The skin along her jaw was smooth, but somewhat loose. Her upper lip was thin. She’d aged.
No surprise,
he thought.
People do.

Part II
7

H
e saw her for the first time in December. He was a medical student, dropping by a local free clinic to offer himself as a volunteer. She was the office assistant—competent and full of herself, clearly too big for the job. He fell, not right away, but nearly enough that when he told the story later, he’d say he loved her from the moment she first spoke, when she chided him for being wet.

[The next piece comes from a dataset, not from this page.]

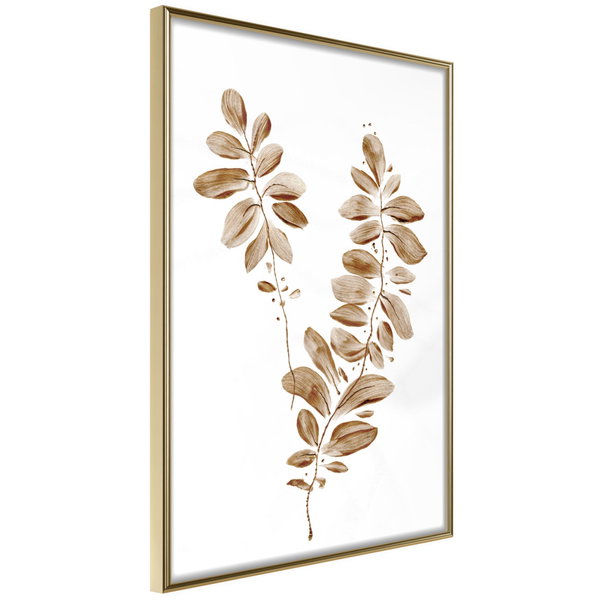 Poster 'Botanical Watercolour'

It was raining that day, and as he stood in the tiled vestibule, shaking water from his sleeve and hair, he became aware of a mildewed smell rising from his wet wool coat. He looked up to see the office assistant staring at him over the front desk, crinkling her nose as though she could smell it, too, even from across the room. He smiled at her and she, in response, tilted her immoderate red head. She seemed ready to school him in some way, as though she were the reigning world champion and he an unknown upstart she didn’t think she should even have to fight.

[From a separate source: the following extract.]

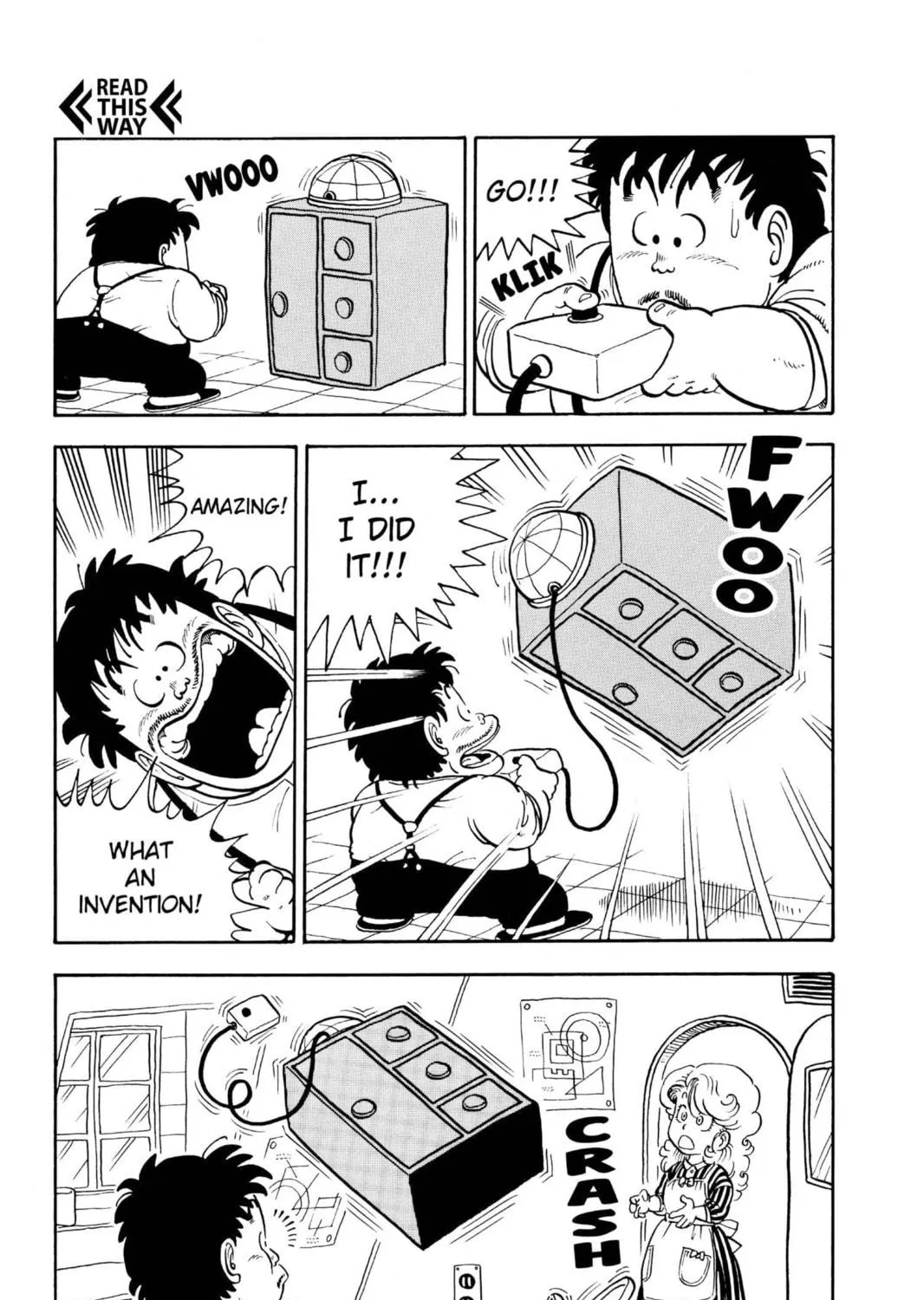 Dr. Slump Chapter 142 page 5 -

Once he had discharged himself of enough water to feel satisfied he wouldn’t make puddles all across the floor, he approached her desk. “Hi,” he said, in what he believed to be a friendly manner. “I’m a medical student at UCSF. I was hoping to talk to someone about volunteering.”

She was about his age, give or take a year, with a rather long white neck rendered whiter by the contrast of her hair, which was kept out of her face by only the flimsiest of metal bobby pins. No, she was certainly younger. He could see that now. Still, she was the one in charge. She pursed her lips, assessing him once more. He stood up straighter. He realized it would’ve been smart to have brought a transcript, or some sort of letter of reference—something other than his hospital ID. “It’s been raining all day,” she finally said. “Do you really not have an umbrella?”

The truth was he hadn’t listened to the forecast, had hardly glanced out his window. He’d just returned home from his final overnight shift for many months and was so elated with the work he’d done in helping to repair a severed toe, so not-tired and so ready to take on another challenge, that he’d simply run a comb through his hair and put on civilian clothes and gone back out again, determined finally, at long last, to volunteer at the little corner clinic he passed regularly on his commute. By the time the sky opened and let him have it, pouring water straight into his collar and thoroughly soaking his shoes, he was already so many blocks away that it wouldn’t have been worth it to double back.

The assistant was still awaiting his answer, her eyes bright with color, if not interest. Blue, like a deep pool he’d dropped a coin in, thrilling him with the likelihood that he would never get it back. He straightened his shoulders affably and held out his empty hands. He was, after all, offering to do a difficult thing for free. She seemed a little surprised at this response, or perhaps at her own tone of voice, echoing back at her now in her head. She relented and waved her hand at the room full of sick people slouched in rows of hard plastic chairs.

“Of course,” he said, understanding. “I’ll wait.”

He settled himself in an orange chair between two yellows, holding his elbows close in his lap. Because it was a crowded Tuesday (or was it Monday?—no, he’d spent Monday night on call) there was only the one empty seat. On one side of him sat a huffing, overweight man whose arm pressed into his shoulder; on the other was a little
girl, probably Mexican, who stared up at him like a cat. He’d brought nothing to read, which was just as well. He wouldn’t have been able to comfortably hold a book in that chair, and anyway he was much more interested in watching the redheaded assistant.

She picked up her patient list and called a name, which belonged to a teenage girl with an eye patch and a splash of scaly burns across her cheek. The girl stood abruptly and made her way to the desk, where the assistant received her forms and made a show of reading them over to ensure they were complete. As she read, her forehead wrinkled, almost sorrowfully, but every time she looked up it was to reassure the girl with a smile. The same sorrowful look returned when she bent her head to make a few additional marks on the form, as though there were nothing more poignant than the date and time of this poor girl’s intake. She stapled an additional sheet to the form, which she then handed to another assistant, who stood ready to take the girl down the hall.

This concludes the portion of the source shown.